**YOUR ASSIGNMENT**
Any pictures in the records below must be left out when you repeat the lines from the line containing "Paw Print Men's Shorts-grizzshop" through the line containing "Men's Lightweight Tactical Cargo Shorts" exactly.

START SUPPLIED MATERIAL

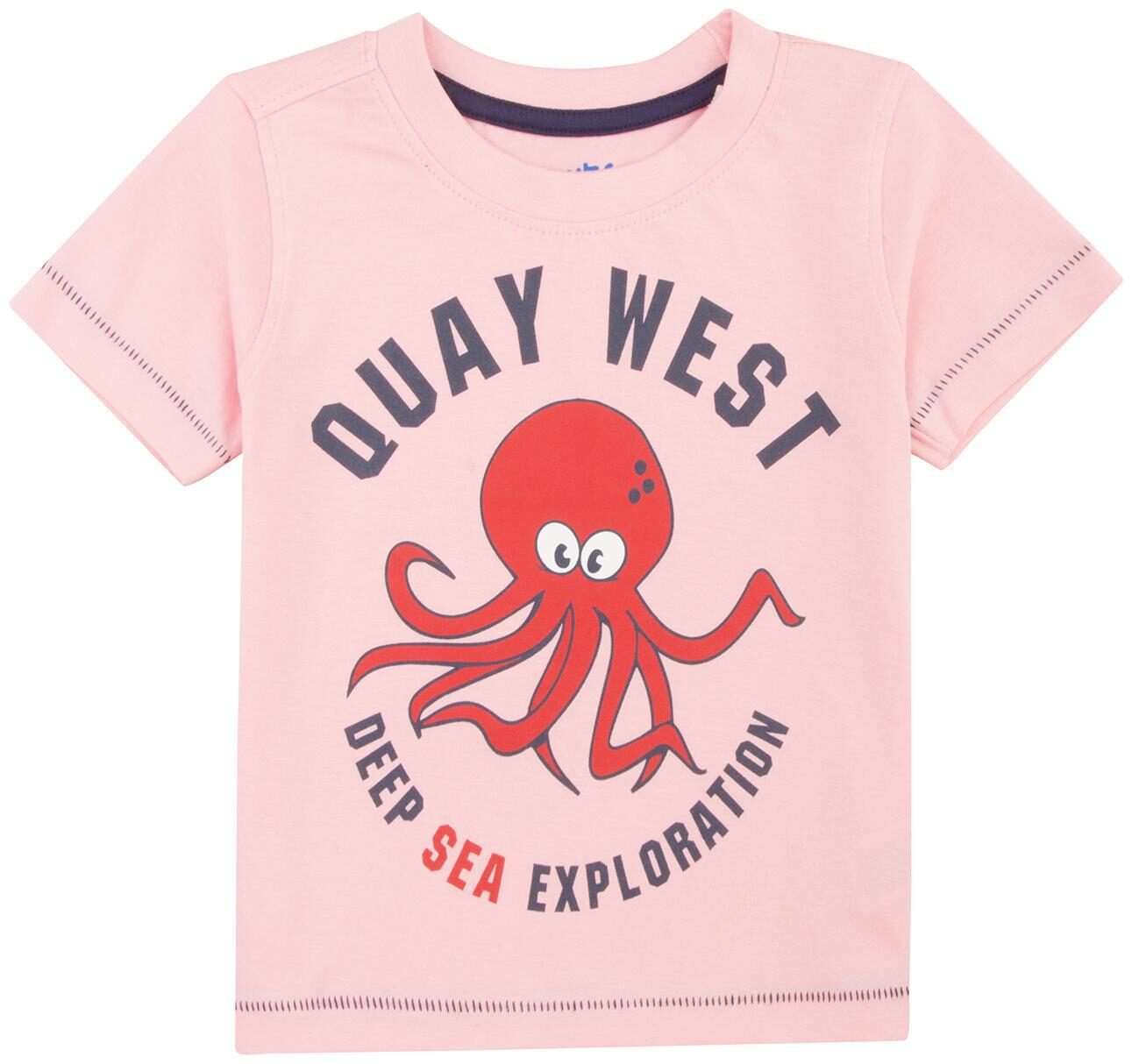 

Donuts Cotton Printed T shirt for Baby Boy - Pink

END SUPPLIED MATERIAL
START SUPPLIED MATERIAL

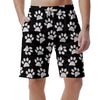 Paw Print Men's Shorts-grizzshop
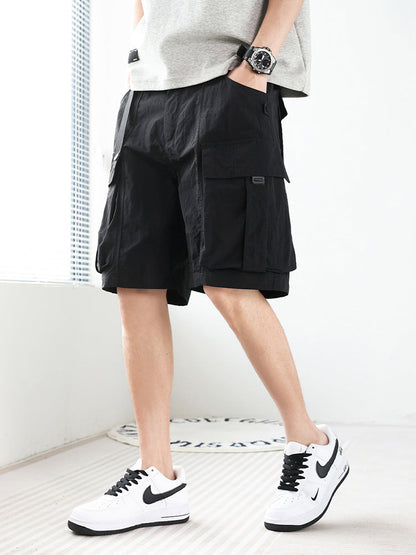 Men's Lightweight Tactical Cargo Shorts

END SUPPLIED MATERIAL
START SUPPLIED MATERIAL

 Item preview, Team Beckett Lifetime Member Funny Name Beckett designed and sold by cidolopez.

END SUPPLIED MATERIAL

**EXERCISE SOLUTION**
 Paw Print Men's Shorts-grizzshop
 Men's Lightweight Tactical Cargo Shorts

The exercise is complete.